◆ **Exercise goal**
As soon as the line containing "DENIS SKABELKIN se" appears, start repeating lines exactly and continue to the end of the entries; please skip pictures.

◆ **Records for this exercise**
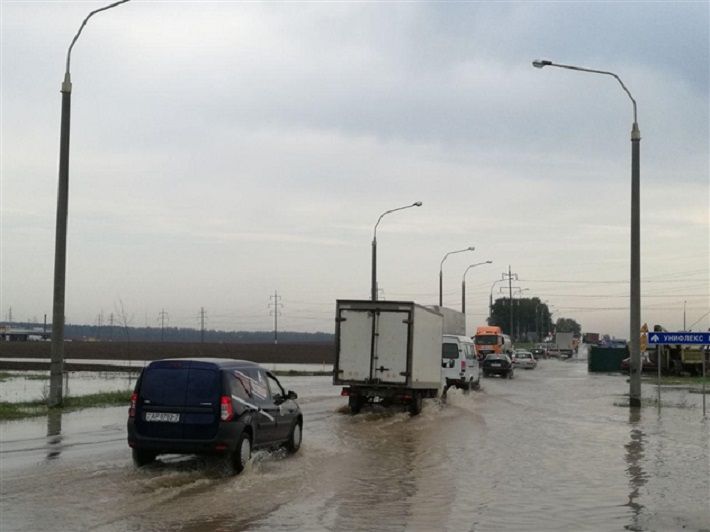 Из-за аварии на водопроводе затопило Чижовку. Некоторые дома в Минске остались без воды‍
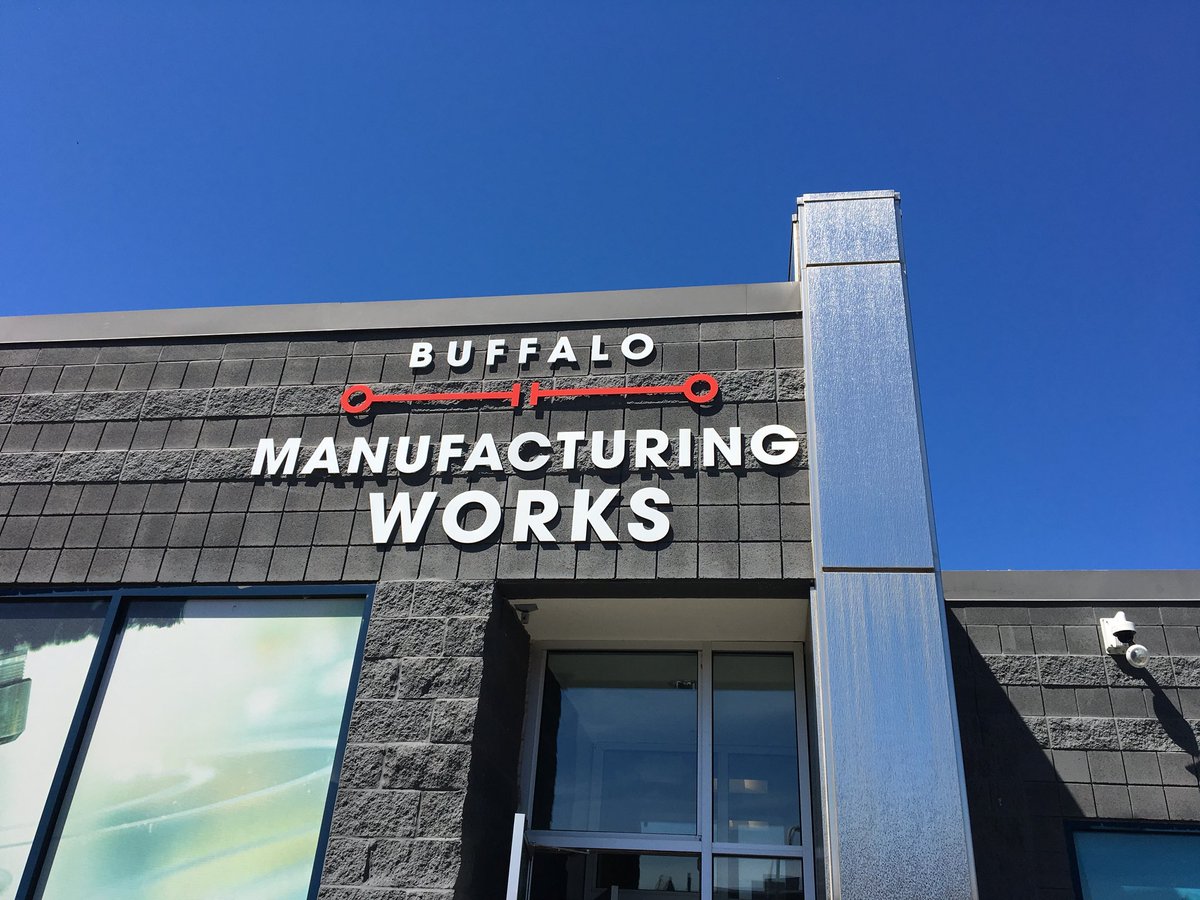 BraithwaiteMRW's tweet photo. Just wrapping up what was an eye opening conference on how Buffalo has rejuvenated its manufacturing industry #iedcfutureforum https://t.co/1gBZExhQ20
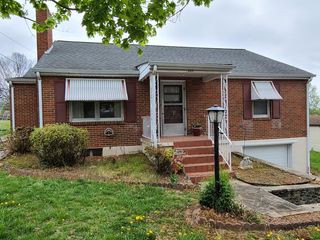 252 Knoll RD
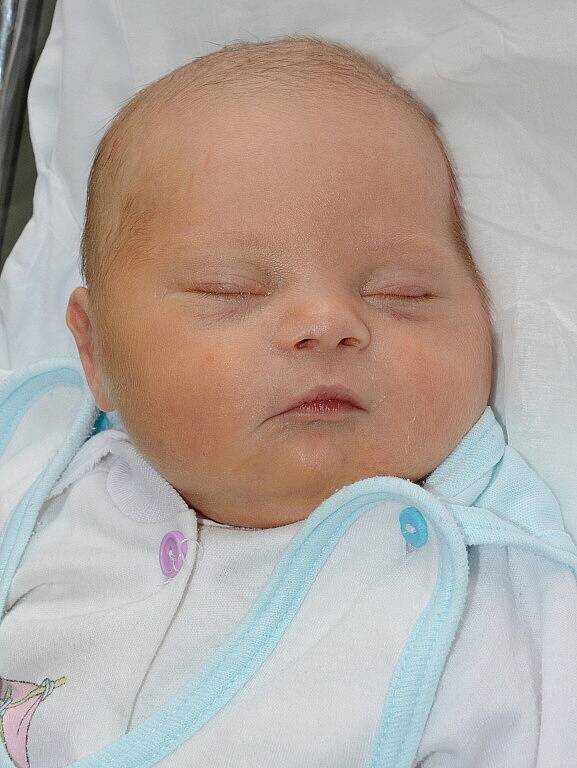 DENIS SKABELKIN se narodil 1. dubna 2012 v 10:25 hodin s váhou 3070 gramů a délkou 47 centimetrů. S rodiči Marianou a Igorem, a se sestřičkou Violettkou (5 let), bydlí v Novém Městě nad Metují.   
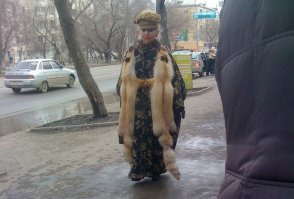 Она мне вот кого напомнила. Не удивлюсь, если это одна и та же. Ну или сёстры... по разуму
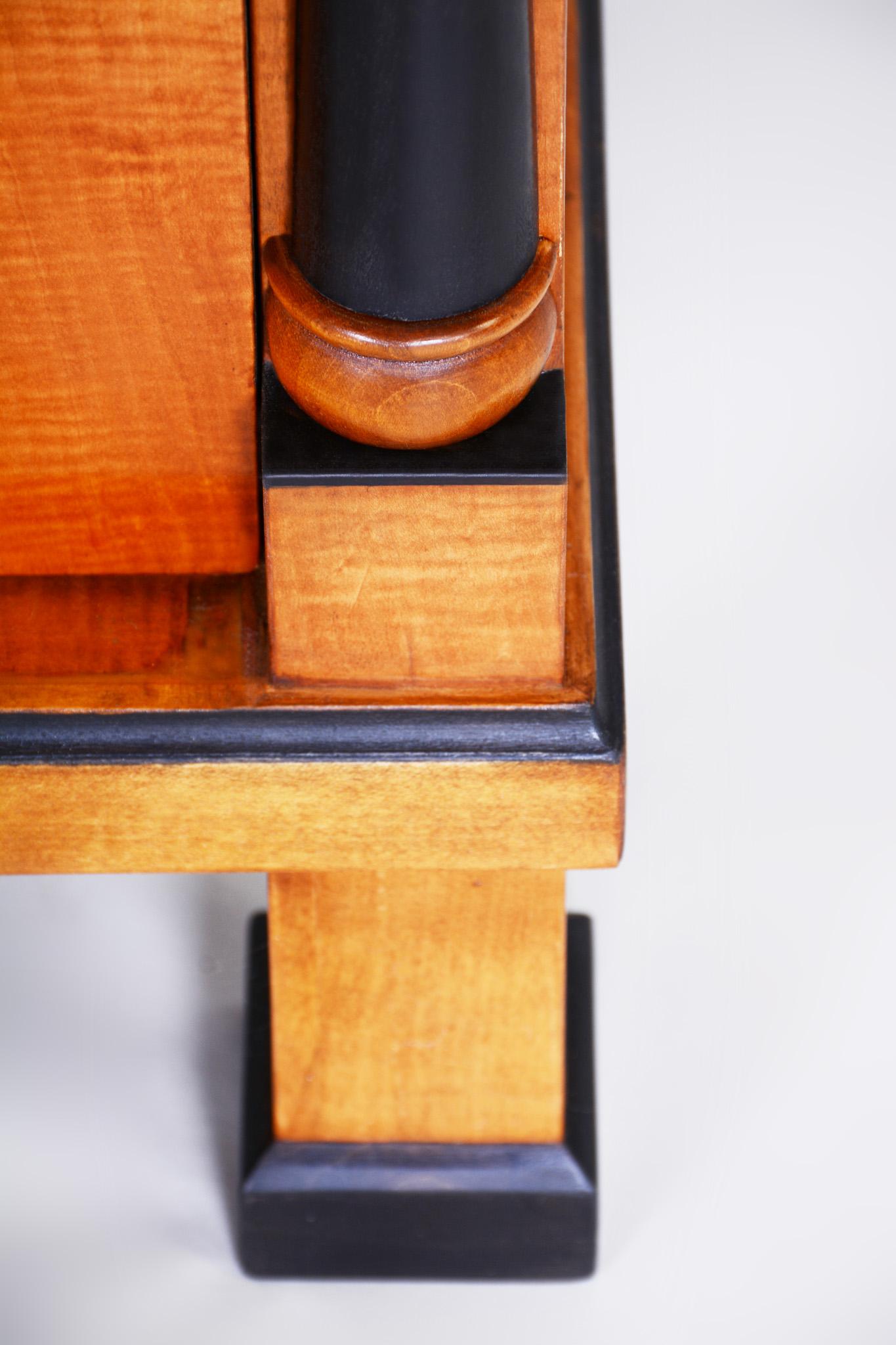 Maple Biedermeier Hest of Drawers, Commode, 19th Century, Austria In Good Condition In Horomerice, CZ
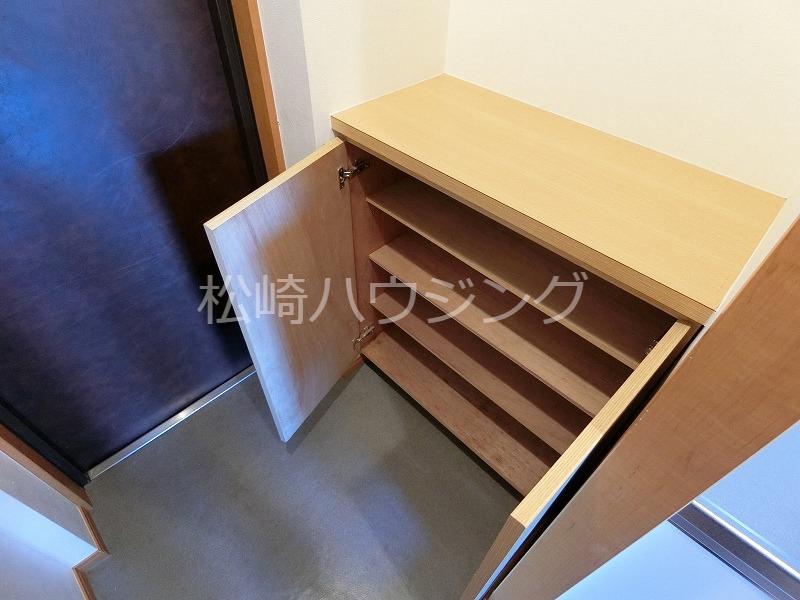 パークフロンティア 玄関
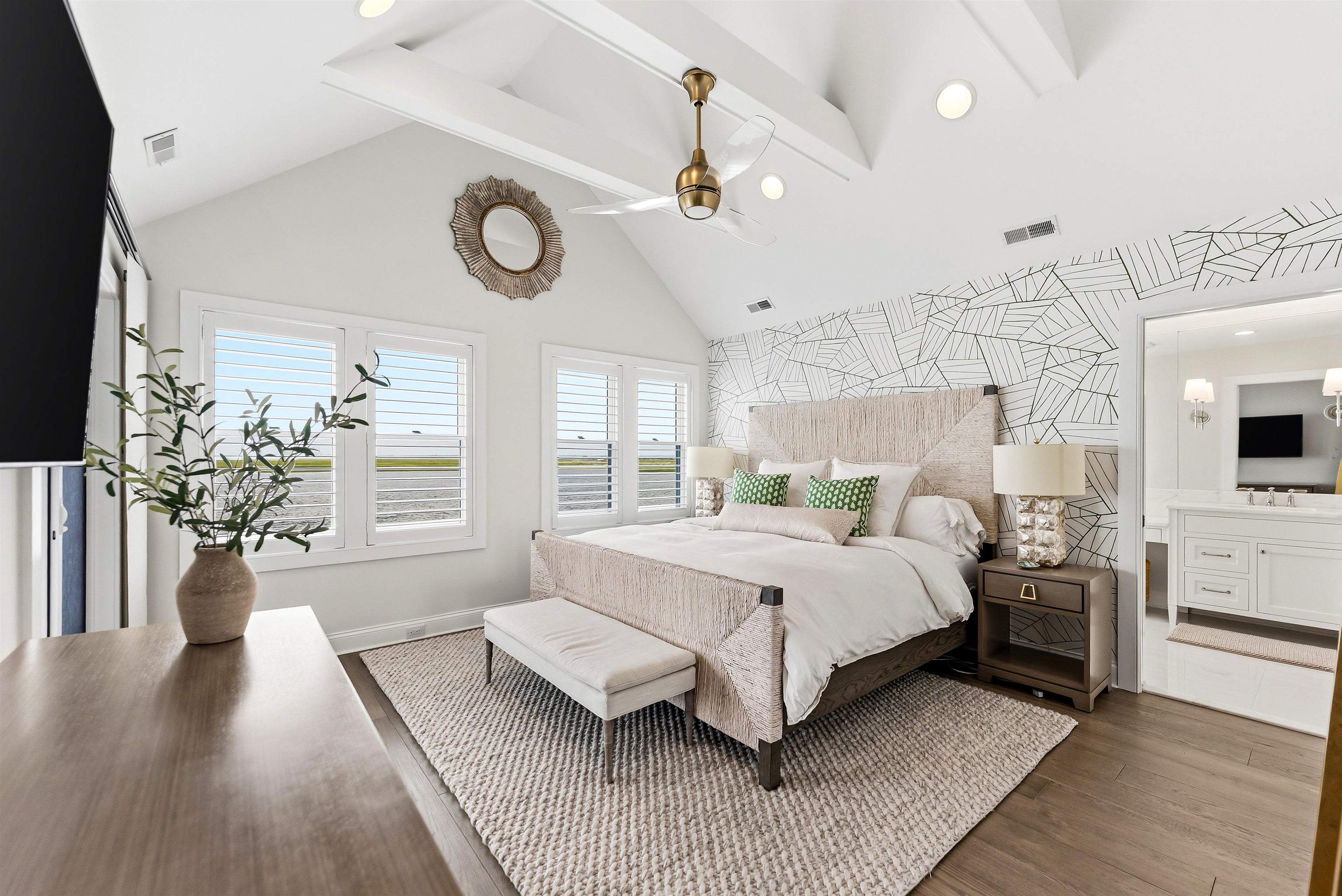10521 Golden Gate Drive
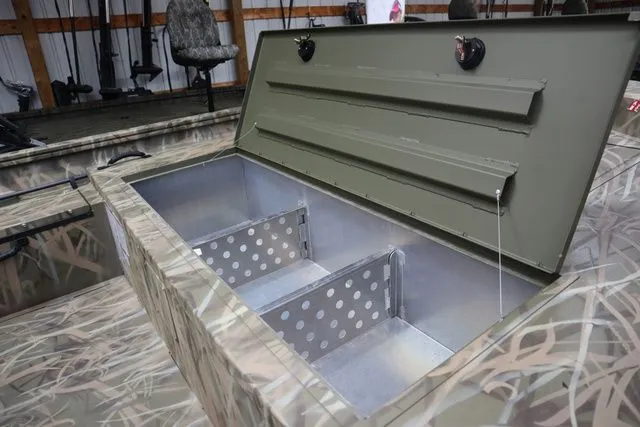 Slide: The Image of Crestliner 2070 Retriever SCHD 2026 - 7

◆ **Exercise response**
 DENIS SKABELKIN se narodil 1. dubna 2012 v 10:25 hodin s váhou 3070 gramů a délkou 47 centimetrů. S rodiči Marianou a Igorem, a se sestřičkou Violettkou (5 let), bydlí v Novém Městě nad Metují.   
 Она мне вот кого напомнила. Не удивлюсь, если это одна и та же. Ну или сёстры... по разуму
 Maple Biedermeier Hest of Drawers, Commode, 19th Century, Austria In Good Condition In Horomerice, CZ
 パークフロンティア 玄関
10521 Golden Gate Drive
 Slide: The Image of Crestliner 2070 Retriever SCHD 2026 - 7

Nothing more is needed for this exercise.